As it expands, the company is making a big bet on ARM, the emerging alternative to Intel’s x86 processor architecture, which has dominated the data center market for decades.
Cloudflare just launched a new data center in Macau. And in Riyadh. And in Reykjavik. It’s launched data centers in Istanbul, Kathmandu, Phmon Penh, Beirut, and in CEO Matthew Prince’s home town, Salt Lake City. “Our goal in March is 31 new sites in 31 days, and maybe 22 of those already have equipment racked and loaded and ready to go,” he told Data Center Knowledge.
It’s an ambitious target that he admits the company might not quite manage – in 2012 a similar project launched ten data centers in 30 days – but he expects to at least get close. “It will be somewhere between 27 and 31. And what’s fun is that it’s starting to be cities where I don’t know where they are!”
Apart from giving Prince the pleasure of testing reporters’ knowledge of Eastern European capitals, adding so many new locations is how the company keeps building out a network that can shrug off the kind of DDoS attack that targeted GitHub last month. It was the largest of the kind ever recorded, but Cloudflare sees large-scale attacks against its customers fairly regularly, Prince told us. “It was an exciting week, because someone found a new toy, but it was also a boring week, because we’ve graduated to a scale where even terabyte-scale attacks don't cause us a lot of trouble.”
The key is having a network that’s distributed enough to absorb enormous floods of malicious traffic. One way Cloudflare keeps its costs down is by connecting the nodes of its network with local ISPs. “It’s slightly more expensive to get gear to these places, so you effectively have slightly … higher CapEx, but the bandwidth costs just by far trump that. And if you go directly into these regions, you're able to directly connect with the ISPs there and exchange traffic at no cost.”

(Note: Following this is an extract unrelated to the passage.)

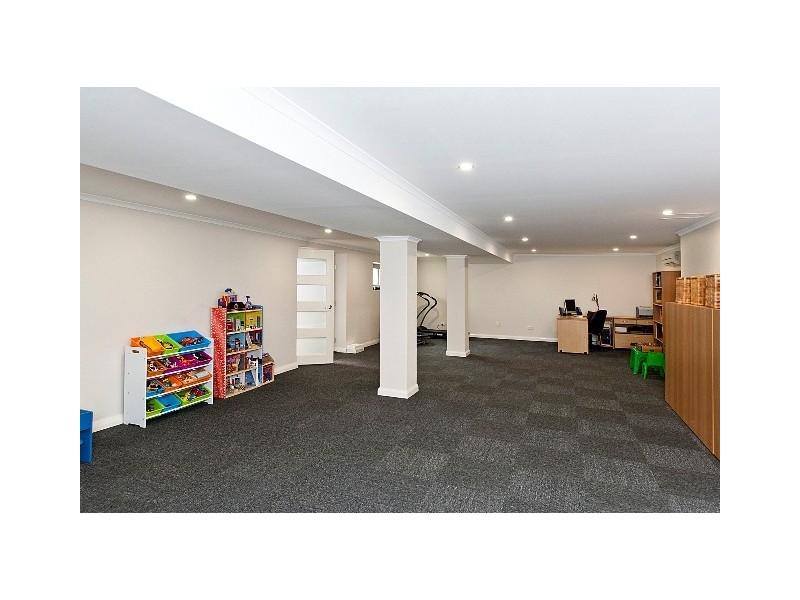 18 Doongalla Road, Attadale WA 6156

It also keeps costs down by pre-configuring routers in new data centers (usually in existing colocation facilities) so that its engineers can set up and run servers remotely, PXE-booting across a VPN from the nearest Cloudflare site. Many of the facilities the company uses have never been visited by any of its employees.

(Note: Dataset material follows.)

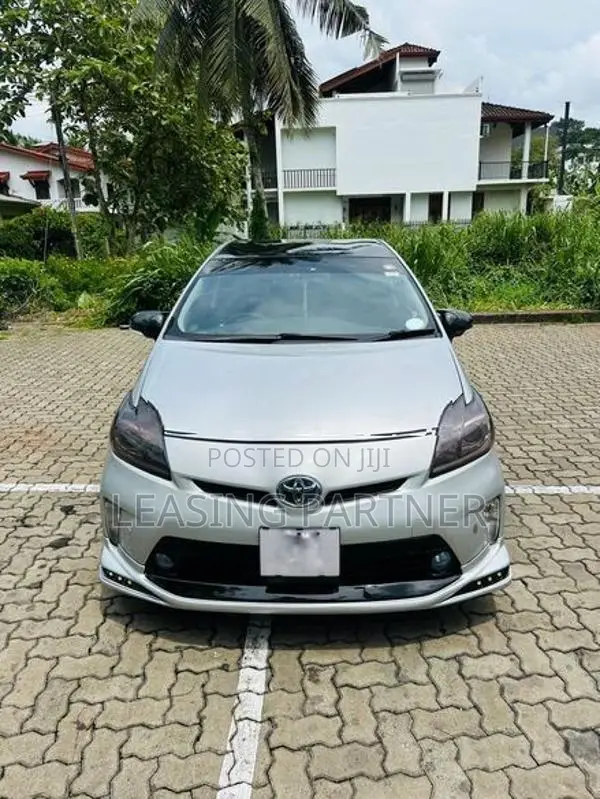 Toyota Prius S Led 2015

By the end of 2018, Prince plans to have Cloudflare data centers in 200 cities around the world (at the beginning of March the number was over 125). At that point, he said, around 95 percent of the world’s population will live in a city with a Cloudflare data center. “We constantly have to be moving our gear closer to where people are, so we’re looking for anywhere there’s a major population center and moving in.”

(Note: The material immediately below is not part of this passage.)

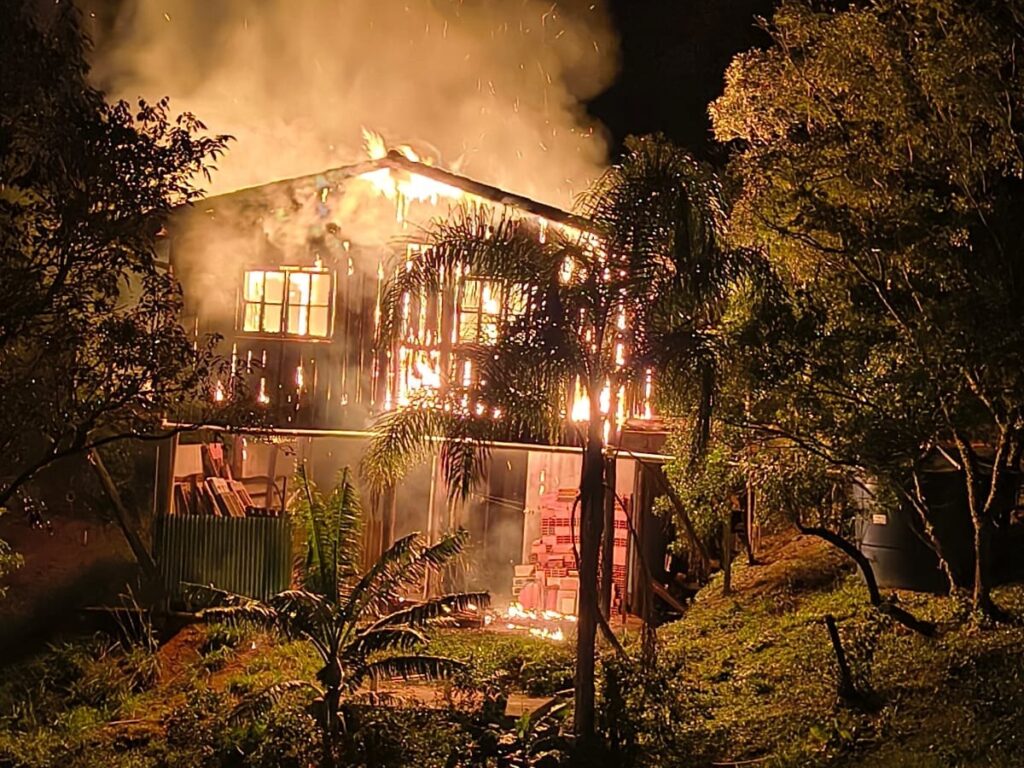 Incêndio destrói casa em morro e mobiliza bombeiros por mais de 2 horas em Garopaba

Arrival of 5G wireless networks will make this even more important, as next-generation applications will push the limits of what a mobile device can do. “It becomes a question of how much you can take the devices we’re walking around with and have them intelligently use the thing that’s right next to them (computing infrastructure) to augment what it is that they're doing,” Prince said.
To keep further expansion affordable, Cloudflare is planning a massive architectural change. The company will soon start deploying ARM servers in its data centers, Prince said, expecting that the alternative to x86 will be cheaper to buy and to keep running due to their lower power requirements and to the nature of Cloudflare’s workload.
The company has already moved away from Intel SSDs after finding the performance wasn’t enough for its needs. (All Cloudflare servers use SSDs to cache data from the web sites it protects.) “I’d give better-than-even odds that by Q4 this year we will no longer spend any money with Intel,” Prince told us.
“We think we're now at a point where we can go one hundred percent to ARM. In our analysis, we found that even if Intel gave us the chips for free, it would still make sense to switch to ARM, because the power efficiency is so much better.”
That may not be true for every data center, but ARM is a good fit for Cloudflare’s workload. Lower-power chips are also good to have in the cities where its servers may be deployed in older and less efficient facilities.
“Every request that comes in to Cloudflare is independent of every other request, so what we really need is as many cores per Watt as we can possibly get,” Prince explained. “The only metric we spend time thinking about is cores per Watt and requests per Watt.” The ARM-based Qualcomm Centriq processors perform very well by that measure. “They've got very high core counts at very lower power utilization in Gen 1, and in Gen 2 they're just going to widen their lead.”
Qualcomm started shipping Centriq, aimed at hyper-scale cloud platforms, last November. The hyper-scalers, who together make up a huge portion of the server-chip market, have been open to ARM. Microsoft, for example, said last year that the architecture could one day power half of its entire workload.
The Cloudflare team (which includes former Intel engineers) didn’t initially expect ARM processors to perform so well for its needs, especially with the open source software the service is built on. “They started testing the workloads, and they were just blown away. It was so much easier than we thought it would be. Performance is already better, and the power performance is just incredible.”